The triple exclamation marks come off as stunted and adolescent. I can't believe you'd be taken seriously, academically speaking--heck, I can see a lot of these "renowned experts on Gentrification!!!" thinking you're an obnoxious pest...
 
True, but I simply answered what the problem is when a landlord decides to go out for full profit 100%. Read that entire paragraph. It's an example in another city, and is reason enough to be weary against such efforts that many landlords in Toronto envy. Man, when we used to live there, this one sonofabitch landlord did not let anyone do laundry with warm water. We reported him and left soon afterwards... was he steamed at us!

I mean man, just read the thing, it's what happened to a guy... and some people here day say that displacement does not happen??? Shit, I know of a case in Chicago where a landowner bribed a kid to do arson on his own building - and later go caught for that. This is the kind of stuff that happens. Now, hey, these are more extreme examples, but it is exactly what should be given to people who say "oh what is wrong with this". Lets show them what it can be like, in order for them to realize why it is a reason for concern.

I realize you are citing another city. But as I said, such a rent increase could not happen in Toronto - or Ontario for that matter. Because of this, landlords could not push out - or displace - residents by way of unwarranted massive rent increases within residential buildings.

Anyone can pick up an anecdote here and there of landlord abuse, but that does not automatically translate into a wholesale expulsion in an effort to carry out massive "gentrification" here in Toronto.
 
I concede defeat... for now.
 
No gentrification? Wait now. The community is a working class one, and has not yet bore the brunt of gentrification. Without further addoo, I spent some time writing word for word a paragraph from the article by hackworth and rekers that I mentioned earlier in this topic. Get the entire thing, it's worth reading.
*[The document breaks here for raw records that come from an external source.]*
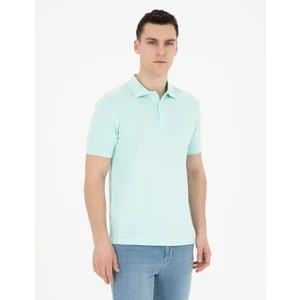 Pierre Cardin Erkek Su Yeşili Slim Fit Basic Tişört 50280754-VR048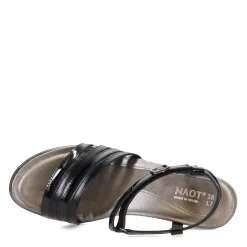 Heeled Sandals*Naot Women's , Current Sandal Black Mix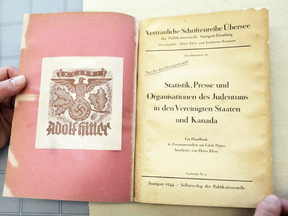 This rare 1944 book previously owned by Adolf Hitler is now owned by Library and Archives Canada.
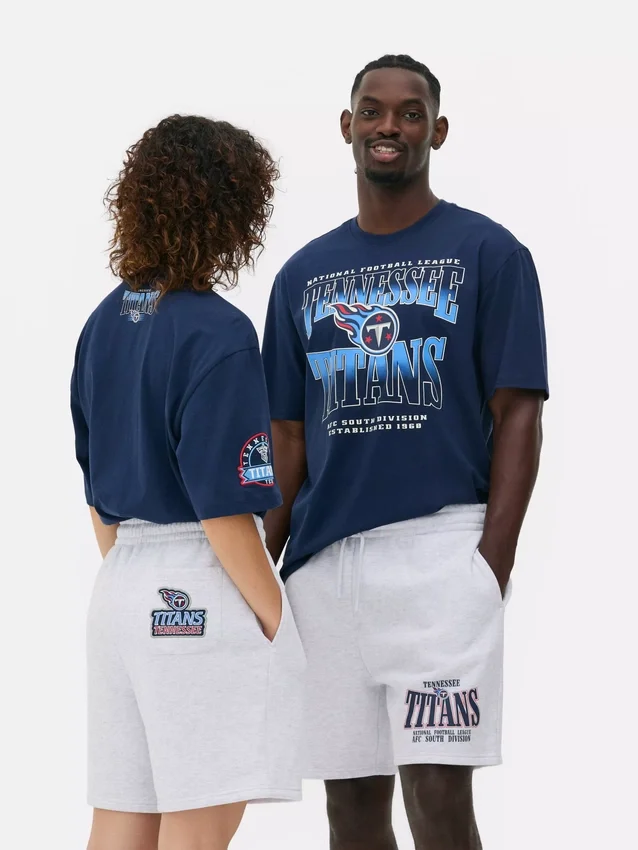 Nfl tennessee titans printed shorts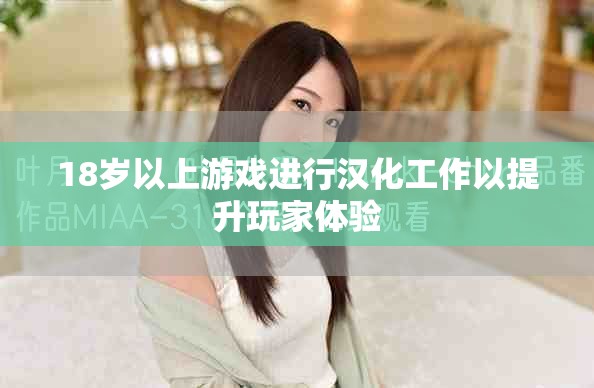 18歲以上游戲進(jìn)行漢化工作以提升玩家體驗(yàn)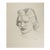 Vintage Mid 20th Century Portrait Drawing of Woman For Sale
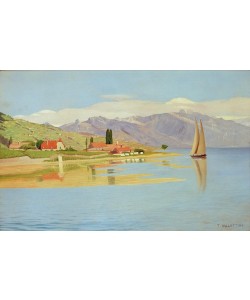 Felix Vallotton, Le port de Pully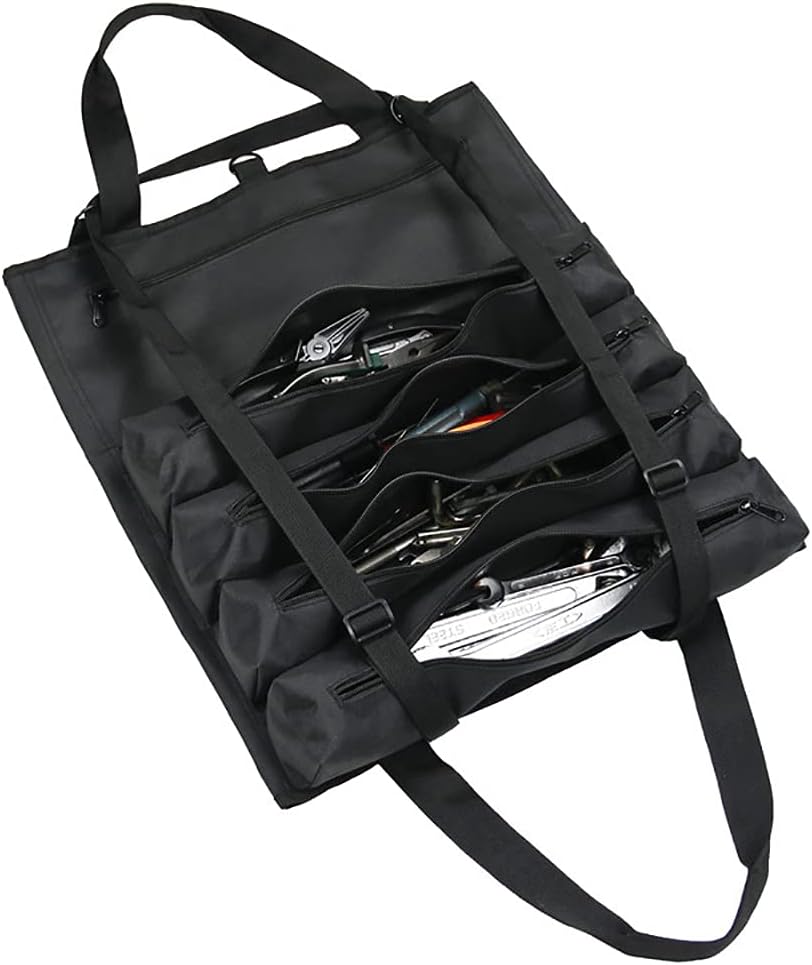 Wrench Roll Up Pouch Tool Organizer Bag with 23 Pockets O833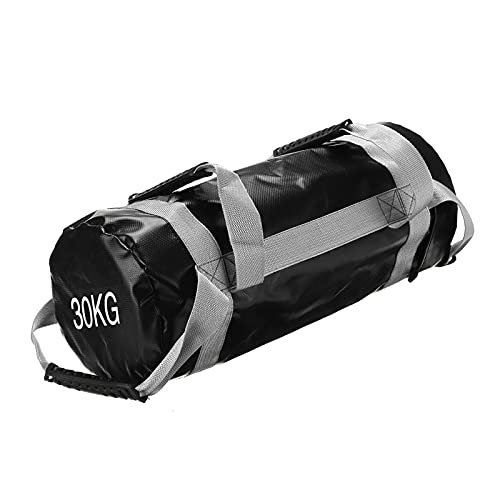 Genérico Saco De Aren,Bolsa De Arena 5-30 kg Levantamiento de Peso Doble End Sandbag Boxing Fitness Entrenamiento Físico Multifuncional Ejercicio Bolsa(30KG)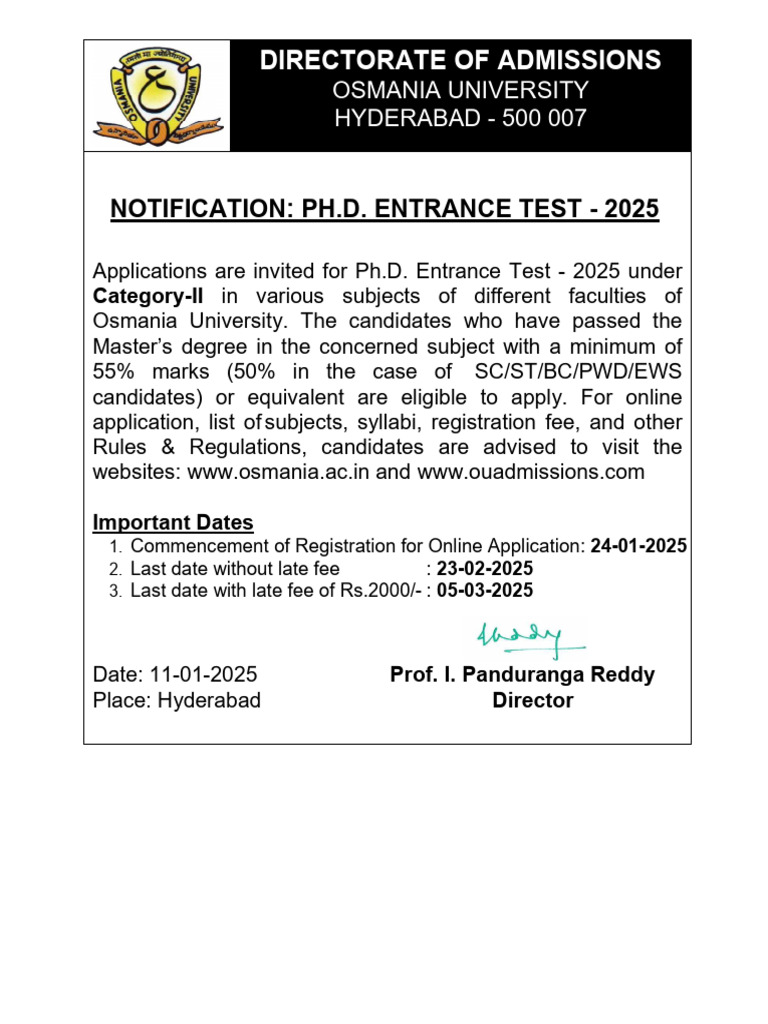 Notification | PDF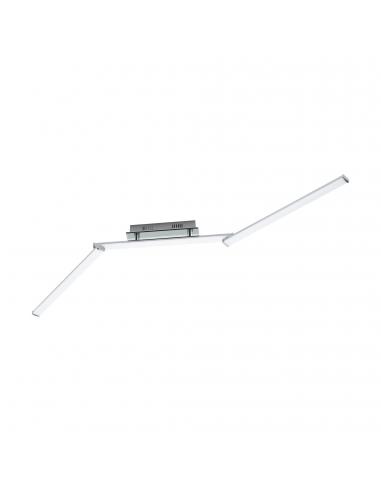 EGLO 96108 - LASANA 2 LED Ceiling Light in Steel, Chrome Aluminum and Acrylic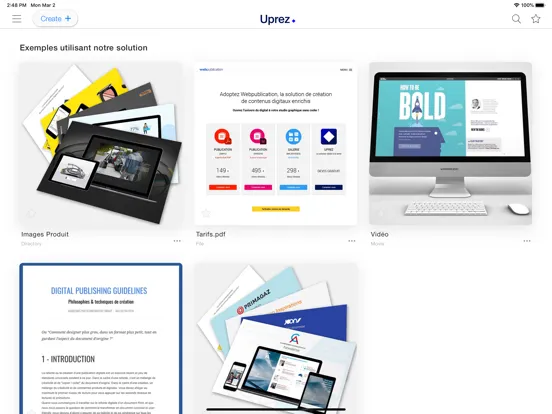 Uprez iPad  스크린샷
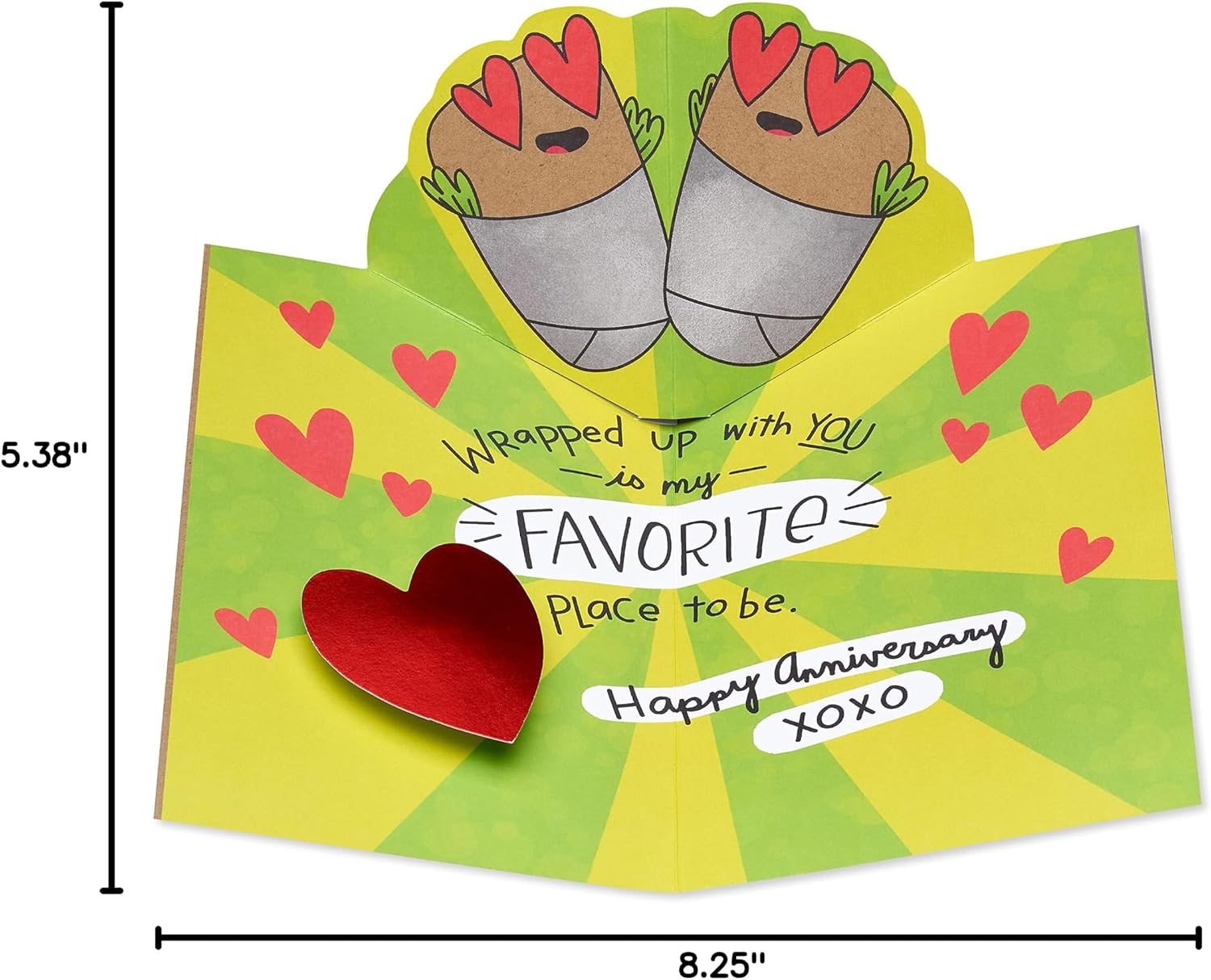 American Greetings Funny Anniversary Card for Husband, Wife, Boyfriend, Girlfriend or Significant Other (Wrapped Up With You)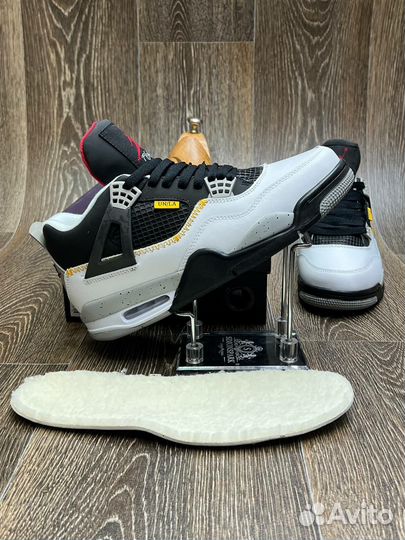 Мужские зимние кроссовки Nike air jordan 4 Lux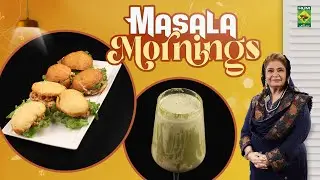 DYNAMITE FRIED SANDWICH, GARLIC PARMESAN CRISPY FRIES & PISTACHIO LATTE | Masala Mornings | MasalaTv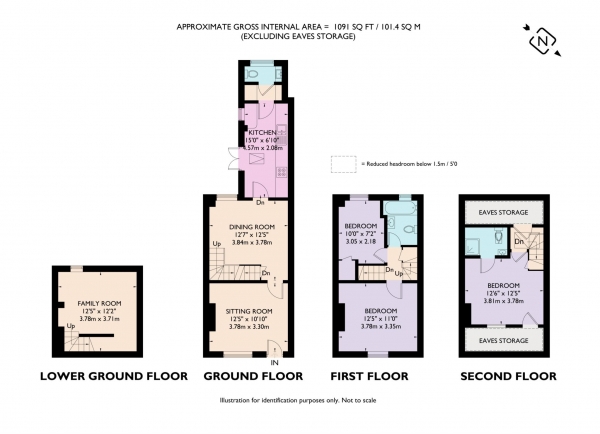 Floor Plan Image for 3 Bedroom Terraced House for Sale in Miswell Lane, Tring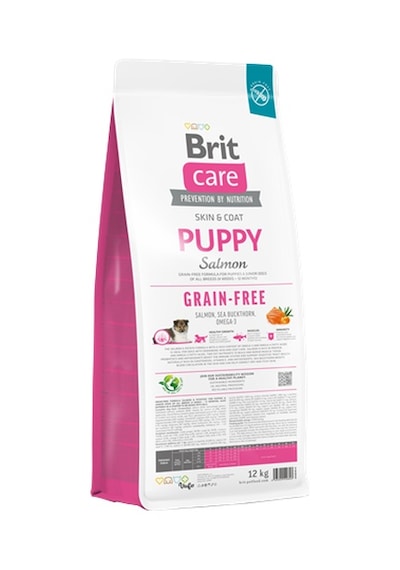 Brit Care Deri Ve Tüy Hassasiyeti Olan Yavru Köpekler İçin, Tahılsız, Somonlu Kuru Mama 12 Kg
"That said, the larger neighborhood of South Riverdale, (within which Gerrard India Bazaar sits) is beginning to experience signs of gentrification - an influx of artists, the construction of trendy condo projects, and copious attention by the local real estate press - but development remains very pocketed. As Table 4 suggests, these pockets of development have yet to meaningfully affect aggregate income and real estate statistics for the neighborhood. Overall house values have ranged from 60% to 70% of CMA averages during the past 30 years, and rents have fluctuated dramatically between 75% and 101% of CMA during the same period. Incomes have actually declined appreciably during the past 30 years, but much is also attributable to the simple fact that the neighborhood is still firmly working class in its orientation.In short, while the classic antecedents to gentrification appear to be emerging in pockets around Gerrard Indian bazaar, it is unclear whether they will germinate and more importantly how (or if) they are related to the Bazaar ethnic package. But importantly for our purposes here, the Bazaar's presence remains a crucial component (along with the neaby film district and Chinatown East) of South Riverdale's bohemian panache, and as such has created an ethnic package that has the potential for sale to gentrifies in the future.

Teehee... a gentrified Gerrard Street. Does that mean that Lahore Tikka House will finally finish their new building and move out of that tent?